“Gender is the poetry each of us makes out of the language we are taught.”
— Leslie Feinberg

For Leslie Feinberg, identity wasn’t something handed down. It was something claimed—fiercely, tenderly, on their own terms.

Author of the groundbreaking novel Stone Butch Blues, Feinberg gave language to lives that had too often been left unnamed. Their activism and writing reshaped not only how we talk about gender, but how we understand freedom itself: the freedom to name yourself.

Feinberg’s work insists that self-definition is a right—not a privilege, not a performance, not a box to check, but a living, breathing act of self-determination.

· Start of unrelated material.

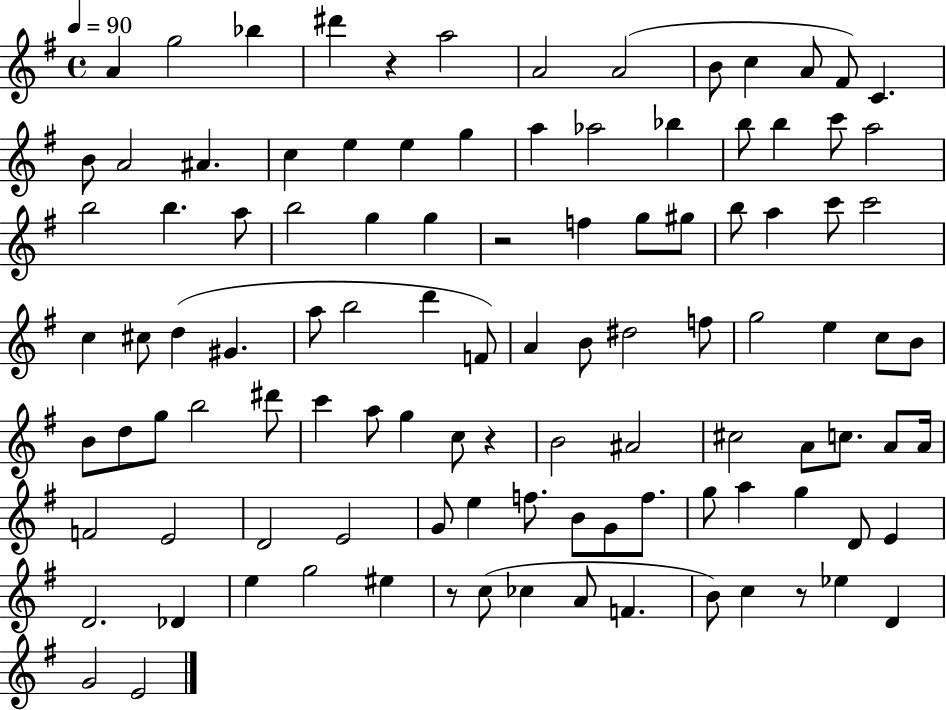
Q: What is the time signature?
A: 4/4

A Life at the Intersection

Born in 1949 in Buffalo, New York, Leslie Feinberg grew up working-class, Jewish, gender-nonconforming, and deeply politicized by the violence they witnessed against queer people and laborers alike. These early experiences forged a lifelong commitment to both trans rights and workers’ rights—a vision of liberation that refused to separate gender justice from economic justice or racial justice.

Feinberg identified most often as transgender, but also described themselves at different times as butch lesbian, masculine female, and simply “Feinberg.” Their life and work rejected binary thinking, opening up a radical conversation about gender that continues to shape activism today.

“I believe in the right of all people to self-identify and to change their self-identification at will.”
— Leslie Feinberg


Stone Butch Blues: Language for the Silenced

Published in 1993, Stone Butch Blues remains one of the most important queer novels ever written. Through the story of Jess Goldberg, Feinberg gave voice to the trauma, resistance, and survival of butch/femme communities and gender-nonconforming people in the mid-20th century.

The novel does not make its protagonist heroic through conformity or assimilation. Instead, it honors the complexity of identity forged under threat—the beauty and cost of refusing to disappear.

“To be ourselves causes us to be exiled by many others, and yet to comply with what others want causes us to be exiled from ourselves.”
— Leslie Feinberg


The Right to Name Yourself

At Queer Reflection, we honor Leslie Feinberg for their unflinching clarity: that no one gets to name you but you. That your body, your pronouns, your identity are yours alone to define, refine, and reimagine.

This belief in gender self-determinism is woven into everything we build. Because empathy doesn’t mean guessing someone’s truth—it means making space for them to tell it.


Learn More About Leslie Feinberg:


Reflection Prompt:

Where in your life are you still waiting for permission to be yourself?
What would it mean to take that power back—to name yourself, fully and without compromise?